*Assignment:* Retype every entry exactly, character for character.

*Records shown:*
★ ★ ★ ★ ★ ★ ★

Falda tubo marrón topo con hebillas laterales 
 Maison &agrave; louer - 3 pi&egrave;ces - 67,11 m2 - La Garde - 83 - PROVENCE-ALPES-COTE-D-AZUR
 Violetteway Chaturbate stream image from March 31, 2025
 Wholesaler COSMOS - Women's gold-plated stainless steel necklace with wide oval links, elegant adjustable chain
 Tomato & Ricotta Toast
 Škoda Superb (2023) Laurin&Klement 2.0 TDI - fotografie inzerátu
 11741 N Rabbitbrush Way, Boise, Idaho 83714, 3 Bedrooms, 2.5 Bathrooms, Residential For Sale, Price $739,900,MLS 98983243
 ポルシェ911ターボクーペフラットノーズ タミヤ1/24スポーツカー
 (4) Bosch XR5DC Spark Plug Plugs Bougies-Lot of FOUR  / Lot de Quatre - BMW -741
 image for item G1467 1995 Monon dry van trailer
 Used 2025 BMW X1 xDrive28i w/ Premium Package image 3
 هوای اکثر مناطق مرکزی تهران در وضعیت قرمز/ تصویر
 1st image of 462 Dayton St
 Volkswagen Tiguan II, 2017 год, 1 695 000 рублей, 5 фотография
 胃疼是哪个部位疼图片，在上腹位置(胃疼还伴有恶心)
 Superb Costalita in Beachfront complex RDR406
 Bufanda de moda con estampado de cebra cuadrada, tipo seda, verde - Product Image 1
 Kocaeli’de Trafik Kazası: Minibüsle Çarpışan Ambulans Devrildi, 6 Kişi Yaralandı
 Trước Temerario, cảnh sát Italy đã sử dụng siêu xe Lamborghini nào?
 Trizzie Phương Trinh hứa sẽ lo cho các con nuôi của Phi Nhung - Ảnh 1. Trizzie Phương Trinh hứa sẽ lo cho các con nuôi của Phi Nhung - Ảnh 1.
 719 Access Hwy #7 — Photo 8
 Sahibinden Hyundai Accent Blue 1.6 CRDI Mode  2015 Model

★ ★ ★ ★ ★ ★ ★

*Response box:*
Falda tubo marrón topo con hebillas laterales 
 Maison &agrave; louer - 3 pi&egrave;ces - 67,11 m2 - La Garde - 83 - PROVENCE-ALPES-COTE-D-AZUR
 Violetteway Chaturbate stream image from March 31, 2025
 Wholesaler COSMOS - Women's gold-plated stainless steel necklace with wide oval links, elegant adjustable chain
 Tomato & Ricotta Toast
 Škoda Superb (2023) Laurin&Klement 2.0 TDI - fotografie inzerátu
 11741 N Rabbitbrush Way, Boise, Idaho 83714, 3 Bedrooms, 2.5 Bathrooms, Residential For Sale, Price $739,900,MLS 98983243
 ポルシェ911ターボクーペフラットノーズ タミヤ1/24スポーツカー
 (4) Bosch XR5DC Spark Plug Plugs Bougies-Lot of FOUR  / Lot de Quatre - BMW -741
 image for item G1467 1995 Monon dry van trailer
 Used 2025 BMW X1 xDrive28i w/ Premium Package image 3
 هوای اکثر مناطق مرکزی تهران در وضعیت قرمز/ تصویر
 1st image of 462 Dayton St
 Volkswagen Tiguan II, 2017 год, 1 695 000 рублей, 5 фотография
 胃疼是哪个部位疼图片，在上腹位置(胃疼还伴有恶心)
 Superb Costalita in Beachfront complex RDR406
 Bufanda de moda con estampado de cebra cuadrada, tipo seda, verde - Product Image 1
 Kocaeli’de Trafik Kazası: Minibüsle Çarpışan Ambulans Devrildi, 6 Kişi Yaralandı
 Trước Temerario, cảnh sát Italy đã sử dụng siêu xe Lamborghini nào?
 Trizzie Phương Trinh hứa sẽ lo cho các con nuôi của Phi Nhung - Ảnh 1. Trizzie Phương Trinh hứa sẽ lo cho các con nuôi của Phi Nhung - Ảnh 1.
 719 Access Hwy #7 — Photo 8
 Sahibinden Hyundai Accent Blue 1.6 CRDI Mode  2015 Model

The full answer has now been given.